The easiest way to find whether the cable feed is the culprit is to cut a section of coax and bare the center lead, as I have posted. If the noise is there when the shields are grounded but it's clean when the shield's ground connection is lifted, the cable system has grounding issues. An isolation adapter that screws onto the cable and cable box will work in this case.
 
Alex2507

Alex2507

Audioholic Slumlord
An isolation adapter that screws onto the cable and cable box will work in this case.
... but not the Calrad one from BJC as it doesn't allow enough bandwidth to pass to support HD and IIRC that is only mentioned in the piece of paper that you get after you buy one or in my case two ... just sayin'. :rolleyes:

I'd love to stand corrected on this because in the world of wire there ain't a lot of good guys.
 
j_garcia

j_garcia

Audioholic Jedi
A ground loop is a difference in electrical potential, relative to the neutral or ground, between two or more pieces of equipment. Electrical potential is voltage- potential energy.
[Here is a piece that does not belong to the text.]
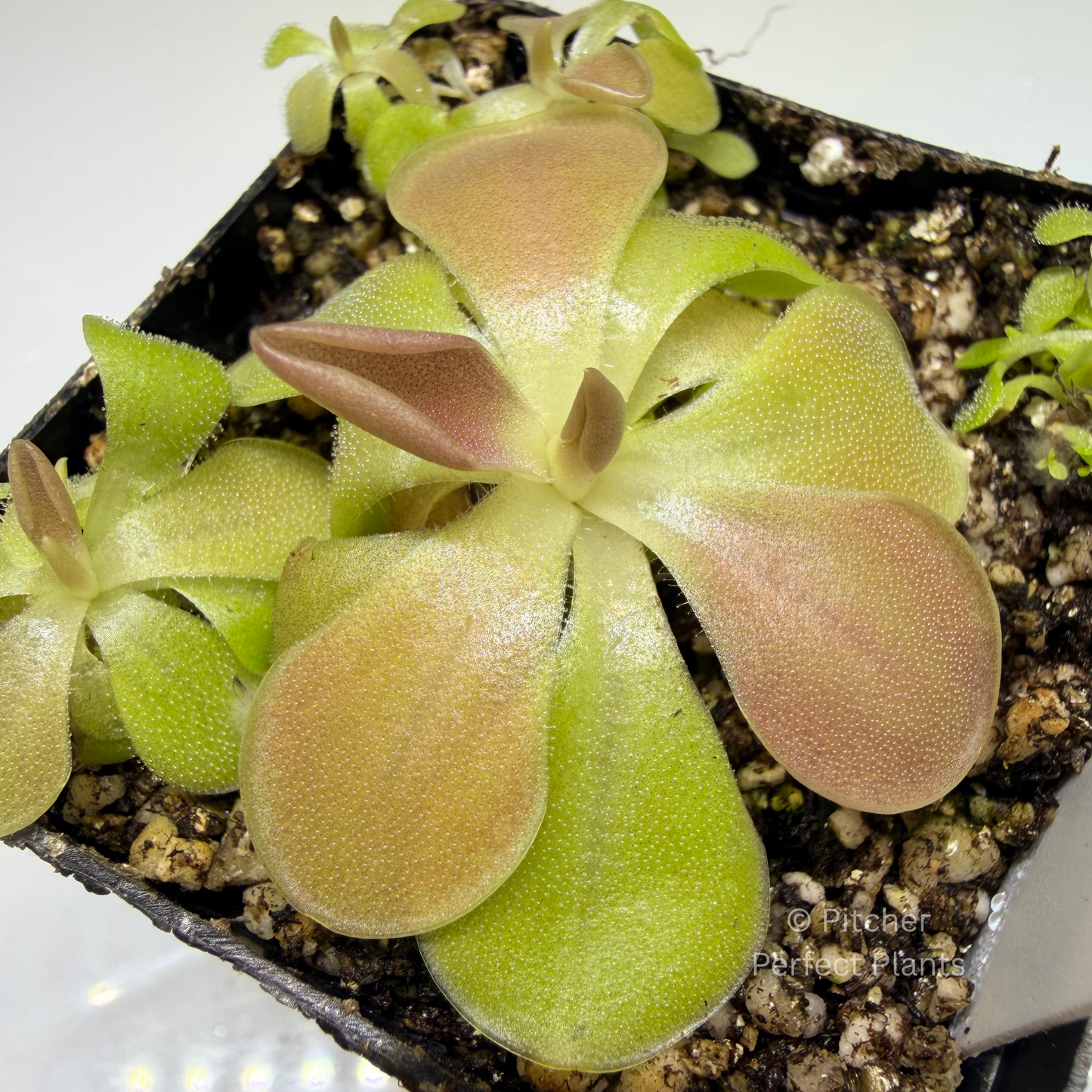 Pinguicula ‘Kewensis’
If voltage flows between the equipment, it has a ground loop. If EVERYTHING is powered by the Panamax and no voltage can be measured between any pieces of equipment, it shouldn't have a problem if "the system" is seen as what's in that room or even in the house. If "the system" seen as everything inside AND outside and the voltage is between the cable feeds amplifier and the cable box, a conditioner won't help unless it isolates the grounds.
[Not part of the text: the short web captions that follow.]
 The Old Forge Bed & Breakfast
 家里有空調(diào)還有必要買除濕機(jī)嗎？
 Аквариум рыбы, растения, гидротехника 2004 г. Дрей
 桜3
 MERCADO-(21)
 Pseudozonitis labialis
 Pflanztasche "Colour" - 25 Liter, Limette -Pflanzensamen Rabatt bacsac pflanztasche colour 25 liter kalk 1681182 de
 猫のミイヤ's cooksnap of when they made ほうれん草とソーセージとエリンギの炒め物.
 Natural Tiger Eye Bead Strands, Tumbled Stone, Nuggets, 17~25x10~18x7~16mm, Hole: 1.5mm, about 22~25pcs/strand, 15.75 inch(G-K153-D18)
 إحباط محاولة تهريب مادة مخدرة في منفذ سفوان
The easiest way to find whether the cable feed is the culprit is to cut a section of coax and bare the center lead, as I have posted. If the noise is there when the shields are grounded but it's clean when the shield's ground connection is lifted, the cable system has grounding issues. An isolation adapter that screws onto the cable and cable box will work in this case.
And what I meant by that is, if it is between two pieces of gear, the Panamax should take care of it as long as they are both plugged into it, AFAIK. The cable is a separate story, but even with the cable running throught the 5100 in my case, the hum was still there. Disconnecting the cable made the hum go away, so there was no question that was the answer. Since I did not have HD there, I used a cheap isolation x-former and it solved the issue until Comcast fixed the feed in the building.
 
highfigh

highfigh

Seriously, I have no life.
... but not the Calrad one from BJC as it doesn't allow enough bandwidth to pass to support HD and IIRC that is only mentioned in the piece of paper that you get after you buy one or in my case two ... just sayin'. :rolleyes:

I'd love to stand corrected on this because in the world of wire there ain't a lot of good guys.
If it's for cable TV and you would be using pay per view, isolators often don't work because they need to communicate bi-directionally.
 
Davemcc

Davemcc

Audioholic Spartan
The buzz comes through when I use the Fireball music server, which in on a different household electrical circuit than the rest of the system. I'm going to guess that since the sat. is plugged into the Panamax with the rest of the system, the solution is going to lie in moving the Fireball's power cord to the Panamax with everything else.

On the other hand, I see that Monoprice has a line-level RCA ground loop device. That might work better because the subs are on different circuits as well but the RCA signal cables are daisy-chained between them.
 
highfigh

highfigh

Seriously, I have no life.
"The buzz comes through when I use the Fireball music server, which in on a different household electrical circuit than the rest of the system. I'm going to guess that since the sat. is plugged into the Panamax with the rest of the system, the solution is going to lie in moving the Fireball's power cord to the Panamax with everything else."

Or, possibly by reassigning that circuit to the adjacent breaker and the other to the breaker formerly used by the Fireball. They alternate the hot connections and it can cause buzzing when they're on different 'phases".

"On the other hand, I see that Monoprice has a line-level RCA ground loop device. That might work better because the subs are on different circuits as well but the RCA signal cables are daisy-chained between them."

If that device is a small black box, it could be the same as the Eb-Tech Hum-X. Shop around.
 
adk highlander

adk highlander

Sith Lord
On the other hand, I see that Monoprice has a line-level RCA ground loop device. That might work better because the subs are on different circuits as well but the RCA signal cables are daisy-chained between them.
Dave I use one similar that I picked up online between a computer in another room and my setup downstairs. It improved the issue about 80% but did not get rid of the hum completely. I have a much longer RCA cable (+25ft) that is in close proximity to power wires that could be causing the additional noise.